What you are asked to do. The result should be a faithful copy of every entry below, with the pictures left out.

Caption-style text data
---*---

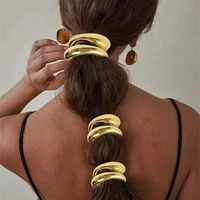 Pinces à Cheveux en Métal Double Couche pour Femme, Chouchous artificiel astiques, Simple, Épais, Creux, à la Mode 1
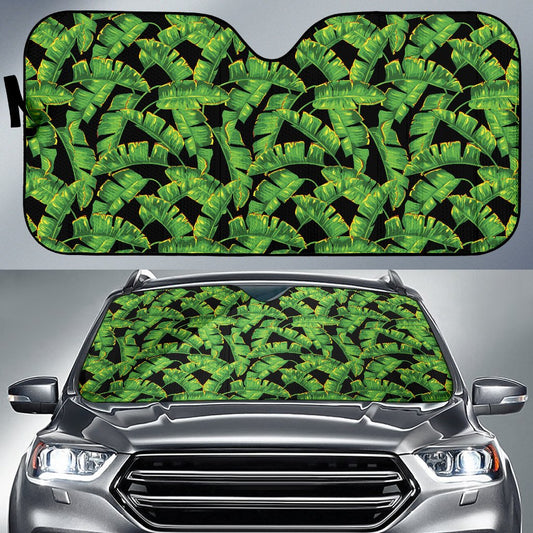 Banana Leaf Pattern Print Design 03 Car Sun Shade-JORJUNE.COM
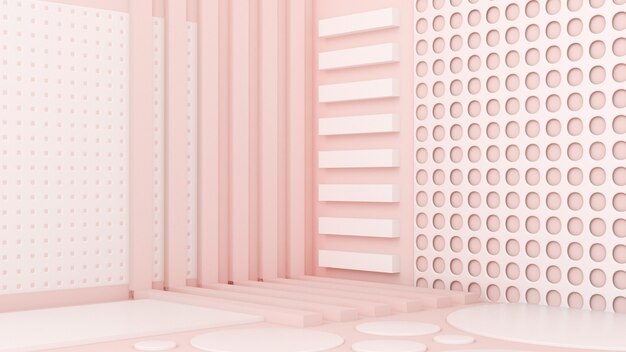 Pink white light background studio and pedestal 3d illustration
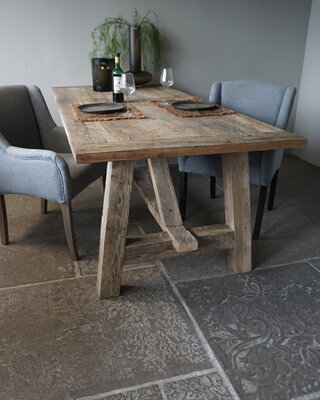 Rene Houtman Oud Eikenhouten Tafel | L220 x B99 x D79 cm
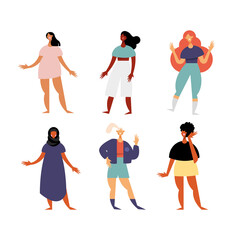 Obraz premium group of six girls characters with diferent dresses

---*---

Exercise result.
 Pinces à Cheveux en Métal Double Couche pour Femme, Chouchous artificiel astiques, Simple, Épais, Creux, à la Mode 1
 Banana Leaf Pattern Print Design 03 Car Sun Shade-JORJUNE.COM
 Pink white light background studio and pedestal 3d illustration
 Rene Houtman Oud Eikenhouten Tafel | L220 x B99 x D79 cm
 Obraz premium group of six girls characters with diferent dresses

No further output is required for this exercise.